PETALING JAYA: The two-year moratorium on the issuance of courier service licences will ease some pressure on earnings for existing players such as Pos Malaysia Bhd and GD Express Carrier Bhd (GDex).
Analysts note that while the parcel delivery segment has been a beneficiary of the Covid-19 pandemic as e-commerce grew, the sector is a crowded one with cut-throat competition squeezing operators’ margins.
“The barrier of entry into the sector is low. Venture capitalists, wanting to jump on the e-commerce boom, have been funding new entrants, ” an analyst shared with StarBiz.
As of October, there are 109 licence holders, according to RHB Research.
On Monday, the Malaysian Communication and Multimedia Commission (MCMC) announced a two-year moratorium on the issuance of courier service licence – effective Sept 14 to Sept 15,2022.
During the enforcement period, the MCMC will not accept any new licence application for all categories of courier services. A new action plan is also in the works to map out a wider action plan for the industry’s strategic development. This report is expected to be published at the end of November.
RHB sees the freeze as a “constructive initial step towards ensuring the sustainability of the domestic courier industry”, which has been grappling with dwindling profitability from prolonged competition, despite the e-commerce boom.
Pos Malaysia, which is the country’s postal operator and one of the top three players in the industry, could be among the key beneficiaries under MCMC’s national strategic framework to elevate the industry, according to RHB.
While the two-year moratorium will prevent the entry of new players, AmInvestment Bank believes that aspiring players could still gain entry via the acquisition of existing players.
“Meanwhile, in the absence of a major consolidation, the playing field remains crowded, ” it said a report yesterday.
Considering this, it sees the development as “mildly positive” for current players, including Pos Malaysia.
The research firm noted that Pos Malaysia has been fighting a losing battle in the dying snail mail business.
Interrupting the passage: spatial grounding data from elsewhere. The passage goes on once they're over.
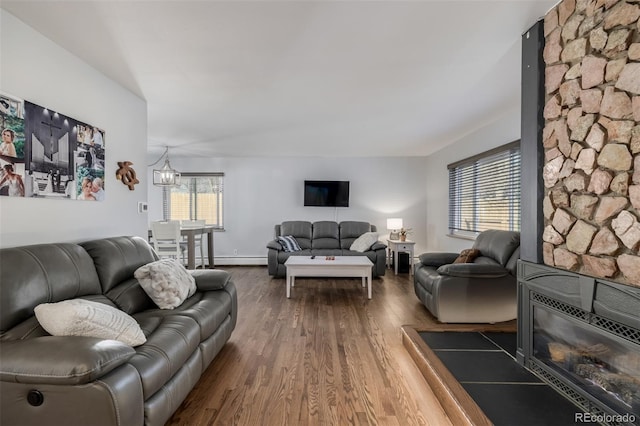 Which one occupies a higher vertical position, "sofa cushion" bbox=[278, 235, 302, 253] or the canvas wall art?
the canvas wall art

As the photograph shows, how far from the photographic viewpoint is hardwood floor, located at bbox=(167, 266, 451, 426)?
5.83ft

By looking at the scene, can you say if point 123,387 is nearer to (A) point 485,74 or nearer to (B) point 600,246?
(B) point 600,246

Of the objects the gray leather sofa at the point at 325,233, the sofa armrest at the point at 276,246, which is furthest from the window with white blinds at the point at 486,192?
the sofa armrest at the point at 276,246

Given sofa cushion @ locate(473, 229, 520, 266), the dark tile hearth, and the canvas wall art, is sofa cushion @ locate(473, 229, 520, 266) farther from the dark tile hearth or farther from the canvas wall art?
the canvas wall art

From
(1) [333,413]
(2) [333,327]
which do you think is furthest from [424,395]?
(2) [333,327]

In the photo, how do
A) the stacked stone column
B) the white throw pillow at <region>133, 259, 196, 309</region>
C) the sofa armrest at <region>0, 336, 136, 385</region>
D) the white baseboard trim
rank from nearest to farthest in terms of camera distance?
the sofa armrest at <region>0, 336, 136, 385</region>, the stacked stone column, the white throw pillow at <region>133, 259, 196, 309</region>, the white baseboard trim

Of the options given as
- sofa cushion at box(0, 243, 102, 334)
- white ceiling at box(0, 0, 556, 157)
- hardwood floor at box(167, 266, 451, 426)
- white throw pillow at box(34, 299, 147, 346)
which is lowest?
hardwood floor at box(167, 266, 451, 426)

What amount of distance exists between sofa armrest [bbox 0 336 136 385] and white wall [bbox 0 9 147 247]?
1.00m

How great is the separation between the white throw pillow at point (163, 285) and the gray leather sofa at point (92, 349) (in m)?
0.07

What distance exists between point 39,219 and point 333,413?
2322 millimetres

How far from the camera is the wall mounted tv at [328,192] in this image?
6.42 metres

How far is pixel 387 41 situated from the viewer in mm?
2141

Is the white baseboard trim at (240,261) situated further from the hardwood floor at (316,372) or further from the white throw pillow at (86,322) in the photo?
the white throw pillow at (86,322)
“To survive, Pos Malaysia needs to cut costs and reinvent. However, we believe that its hands are tied given its unionised workforce.”
While its courier segment could be considered a “reinvention”, AmInvestment Bank. said the segment has been weighed down by the intense competition.
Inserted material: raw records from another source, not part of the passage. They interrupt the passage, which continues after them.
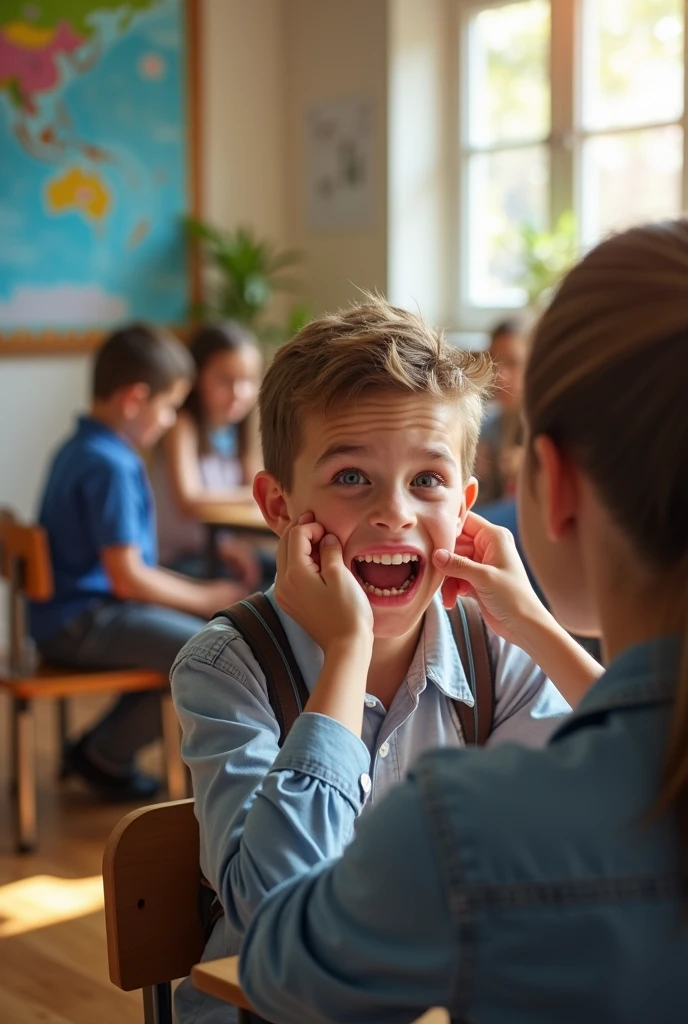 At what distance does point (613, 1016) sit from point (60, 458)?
3.03 meters

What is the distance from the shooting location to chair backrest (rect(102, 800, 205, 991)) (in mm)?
1304

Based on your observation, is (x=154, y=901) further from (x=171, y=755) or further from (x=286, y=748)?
(x=171, y=755)

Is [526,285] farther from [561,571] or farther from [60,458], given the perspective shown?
[561,571]

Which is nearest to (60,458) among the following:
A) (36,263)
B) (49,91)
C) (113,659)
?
(113,659)

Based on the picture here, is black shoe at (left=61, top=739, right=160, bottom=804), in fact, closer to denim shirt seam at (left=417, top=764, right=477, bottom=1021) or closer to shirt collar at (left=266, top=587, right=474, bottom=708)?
shirt collar at (left=266, top=587, right=474, bottom=708)

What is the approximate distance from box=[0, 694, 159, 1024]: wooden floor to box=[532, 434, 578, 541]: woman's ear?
1.74 meters

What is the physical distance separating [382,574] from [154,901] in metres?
0.42

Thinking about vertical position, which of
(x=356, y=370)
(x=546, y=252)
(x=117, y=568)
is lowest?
(x=117, y=568)

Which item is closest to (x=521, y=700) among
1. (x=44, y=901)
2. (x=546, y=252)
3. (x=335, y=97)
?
(x=44, y=901)

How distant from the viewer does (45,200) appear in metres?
5.31

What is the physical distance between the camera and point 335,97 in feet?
19.1

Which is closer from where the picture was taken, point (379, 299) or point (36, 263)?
point (379, 299)

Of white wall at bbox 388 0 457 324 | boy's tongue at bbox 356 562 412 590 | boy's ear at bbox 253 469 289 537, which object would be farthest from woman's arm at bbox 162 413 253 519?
boy's tongue at bbox 356 562 412 590

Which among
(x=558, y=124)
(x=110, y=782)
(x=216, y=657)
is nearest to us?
(x=216, y=657) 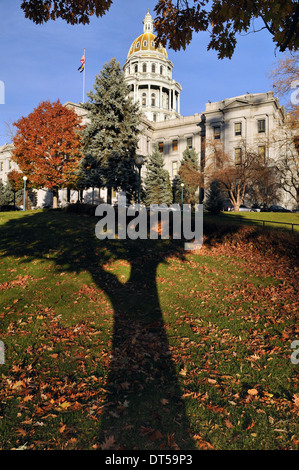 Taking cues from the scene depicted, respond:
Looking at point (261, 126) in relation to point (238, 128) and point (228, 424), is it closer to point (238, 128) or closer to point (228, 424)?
point (238, 128)

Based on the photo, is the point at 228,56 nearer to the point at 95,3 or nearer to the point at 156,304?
the point at 95,3

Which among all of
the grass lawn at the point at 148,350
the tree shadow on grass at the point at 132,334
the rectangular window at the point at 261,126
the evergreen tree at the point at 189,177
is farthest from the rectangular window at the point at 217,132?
the grass lawn at the point at 148,350

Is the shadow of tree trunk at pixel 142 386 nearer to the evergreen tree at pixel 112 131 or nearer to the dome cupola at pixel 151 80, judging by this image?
the evergreen tree at pixel 112 131

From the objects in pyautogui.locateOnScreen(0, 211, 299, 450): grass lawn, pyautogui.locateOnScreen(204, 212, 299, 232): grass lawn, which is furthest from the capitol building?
pyautogui.locateOnScreen(0, 211, 299, 450): grass lawn

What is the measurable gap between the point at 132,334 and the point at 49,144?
1110 inches

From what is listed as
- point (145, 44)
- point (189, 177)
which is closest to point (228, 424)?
point (189, 177)

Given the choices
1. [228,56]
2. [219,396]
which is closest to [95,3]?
[228,56]

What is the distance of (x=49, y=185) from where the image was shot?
3186 cm

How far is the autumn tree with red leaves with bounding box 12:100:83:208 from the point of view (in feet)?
99.7

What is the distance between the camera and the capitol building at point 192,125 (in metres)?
50.3

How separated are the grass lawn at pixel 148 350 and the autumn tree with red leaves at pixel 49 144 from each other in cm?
2053

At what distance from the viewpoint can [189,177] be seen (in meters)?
44.7

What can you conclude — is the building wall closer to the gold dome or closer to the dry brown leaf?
the dry brown leaf

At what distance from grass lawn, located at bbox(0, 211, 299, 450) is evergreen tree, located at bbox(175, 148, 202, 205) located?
33.6 meters
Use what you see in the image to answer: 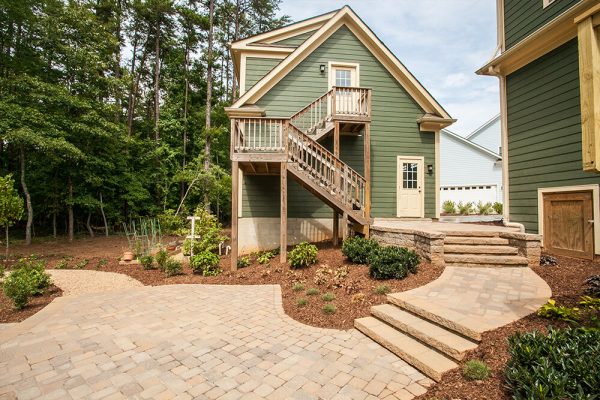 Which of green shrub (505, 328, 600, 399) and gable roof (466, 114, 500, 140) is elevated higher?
gable roof (466, 114, 500, 140)

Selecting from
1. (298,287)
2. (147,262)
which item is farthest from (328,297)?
(147,262)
Meanwhile, with Pos Malaysia’s shares having fallen about one-fifth since the start of the year, RHB said it was an “opportunity to accumulate, while near-term earnings turnaround trajectory is also seen intact”.
As for GDex, analysts note that its strategy has been on pricing, sustainability and profitability over market share.
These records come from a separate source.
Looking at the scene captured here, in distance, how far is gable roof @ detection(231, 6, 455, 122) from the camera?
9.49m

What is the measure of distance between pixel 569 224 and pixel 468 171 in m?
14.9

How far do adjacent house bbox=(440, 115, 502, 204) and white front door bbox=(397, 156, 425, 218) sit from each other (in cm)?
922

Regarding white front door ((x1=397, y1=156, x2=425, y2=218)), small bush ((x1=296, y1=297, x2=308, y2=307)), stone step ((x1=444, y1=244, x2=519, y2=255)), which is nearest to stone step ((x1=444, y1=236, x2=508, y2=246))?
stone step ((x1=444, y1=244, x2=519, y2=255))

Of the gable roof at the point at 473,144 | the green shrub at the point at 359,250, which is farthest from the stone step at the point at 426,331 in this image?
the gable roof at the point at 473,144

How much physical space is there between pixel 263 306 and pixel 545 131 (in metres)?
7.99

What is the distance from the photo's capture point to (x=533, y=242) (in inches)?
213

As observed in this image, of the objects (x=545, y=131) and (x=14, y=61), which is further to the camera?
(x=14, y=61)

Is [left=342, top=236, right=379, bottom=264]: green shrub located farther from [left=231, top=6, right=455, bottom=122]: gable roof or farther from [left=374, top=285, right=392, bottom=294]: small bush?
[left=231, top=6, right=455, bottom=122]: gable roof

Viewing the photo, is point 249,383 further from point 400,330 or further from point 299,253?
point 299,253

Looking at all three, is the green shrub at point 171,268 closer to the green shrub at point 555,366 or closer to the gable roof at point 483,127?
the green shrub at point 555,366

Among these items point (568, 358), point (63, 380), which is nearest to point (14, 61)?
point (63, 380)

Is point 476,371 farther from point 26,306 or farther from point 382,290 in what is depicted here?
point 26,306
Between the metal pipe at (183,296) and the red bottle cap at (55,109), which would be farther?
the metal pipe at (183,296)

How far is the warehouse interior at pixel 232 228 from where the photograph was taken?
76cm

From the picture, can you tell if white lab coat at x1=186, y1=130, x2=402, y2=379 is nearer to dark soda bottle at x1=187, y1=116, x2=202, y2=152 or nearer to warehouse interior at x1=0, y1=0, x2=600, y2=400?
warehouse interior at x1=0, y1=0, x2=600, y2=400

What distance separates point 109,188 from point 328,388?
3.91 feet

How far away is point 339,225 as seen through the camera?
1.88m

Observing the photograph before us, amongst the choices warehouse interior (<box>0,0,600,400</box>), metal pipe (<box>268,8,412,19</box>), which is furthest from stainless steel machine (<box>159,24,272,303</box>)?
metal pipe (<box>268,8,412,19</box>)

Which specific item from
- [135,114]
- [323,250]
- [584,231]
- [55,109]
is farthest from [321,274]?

The company recently proposed the issuance of up to 705.2 million warrants, which could generate between RM281.7mil and 282.1mil of funds for the company.
In an Oct 22 report, MIDF Research noted that GDex has a net cash above RM100mil, which has supported its various expansion plans, including the acquisition of 55% stake in a Vietnamese company.
Domestically, it is still evaluating the business model for an automated sorting hub in Petaling Jaya to fit the new norm following Covid-19.
However, it noted that the stock’s valuation remains stretched at a 12-month trailing price-to-earnings ratio of 115.74 compared to the average industry of approximately 42.77 times.
MIDF said “non-listed players such as Ninja Van and J&T will remain a threat in the next two to three years as these companies continue to receive funding”.
Shares of Pos Malaysia closed two sen higher to 90 sen, while GDex ended one sen lower to 35.5 sen.